L’uomo è il cacciatore senza licenza, il picchiatore, il prevaricatore, l’assassino, il bullo che umilia la debole fino ad annichilirla. Adesso, con le norme rafforzate contro questo abuso di forza e di potere, dal braccialetto elettronico per i soggetti più pericolosi alla possibilità di procedere d’ufficio in caso di violenze domestiche senza aspettare la denuncia, sarà un po’ più difficile farla sempre franca. Ma sperare che basti più severità ad arginare un mare di violenza che a ondate straripa rischia di alimentare illusioni che non avranno le conseguenze attese.
Nascere e crescere donna in Italia non è un affare che ti semplifica la vita, anche in assenza di incontri malvagi. Secondo ogni statistica, sono le donne che stanno pagando il conto più salato alla pandemia, sia in termini di perdita di posti di lavoro sia per i sacrifici indispensabili per seguire i figli più piccoli nella lunga trincea della didattica a distanza, e le due cose sono spesso collegate, con la prima che è conseguenza della seconda. La lista delle disuguaglianze rispetto ai maschi si può applicare praticamente ovunque, dal gap salariale all’ambito familiare, dove i pesi di responsabilità e fatica sono inegualmente ripartiti, fino all’emarginazione di fatto nella politica, dove neanche funziona il consolatorio correttivo delle quote rosa, che sarà anche meglio di niente ma è indice scoraggiante di una subalternità tanto acclarata quanto ingiustificabile. Alle ultime Amministrative, appena 553 candidate sindaco su 2.855 posti in lizza, meno di un quinto del totale; nelle otto città chiave, nessuna è arrivata al ballottaggio.
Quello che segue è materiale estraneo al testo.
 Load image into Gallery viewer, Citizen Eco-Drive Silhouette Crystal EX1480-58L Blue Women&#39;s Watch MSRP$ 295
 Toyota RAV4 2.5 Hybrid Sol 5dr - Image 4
Ma è come se la diversità smaccata di considerazione e di trattamento non fossero sufficienti alla minoranza dominante, perché questo è la popolazione maschile, per risparmiare il sovrapprezzo di odio e soprusi al genere femminile. La mappa dell’intolleranza, ideata da Vox-Osservatorio italiano sui diritti, monitora i livelli di disprezzo sui principali social media, da Facebook a Twitter. Nel 2020, il primo posto era largamente detenuto proprio dalle donne (49,91 %), seguite a considerevole distanza da ebrei (18,45%), migranti (14,40%), islamici (12,01%), omosessuali (3,28%) e disabili (1,95%). Eppure, ogni volta che si affronta questa sconcertante evidenza, questo abisso di disparità tra i sessi malamente nascosto sotto un enorme tappeto di ipocrisia, ogni volta che una donna finisce al centro di un caso di abuso, quale che sia, sembra che solo le donne siano titolate a parlarne, e gli uomini, vuoi per pudore vuoi per indifferenza oppure per un vago senso di colpa collettivo, si sottraggano dalla scena, più o meno volentieri, quasi l’argomento non sia di loro pertinenza o li riguardi appena marginalmente.
Se da qualche parte bisogna ricominciare, e i numeri delle violenze, fermandoci a quelli, dicono che in uno Stato civile bisogna assolutamente ricominciare, un primissimo simbolico passo potrebbe essere quello di condividere, femmine e maschi, la sfida per lo stesso obiettivo: un’Italia meno brutale e più giusta con ogni bambina, ogni ragazza, ogni adulta, ogni anziana che abiti qui. E allora su quel palco a Palazzo Chigi forse non sarebbe stato sbagliato che, invece delle sole ministre, ci salisse l’intero governo, a dimostrare che la questione non è né un affare riservato a una parte di Paese e neppure soltanto un necessario inasprimento delle misure contro gli uomini che odiano le donne. Sul tavolo, ci sono i sacrosanti diritti, compreso poter vivere senza essere massacrate di botte o molestate sfacciatamente, della maggioranza più minoritaria del mondo.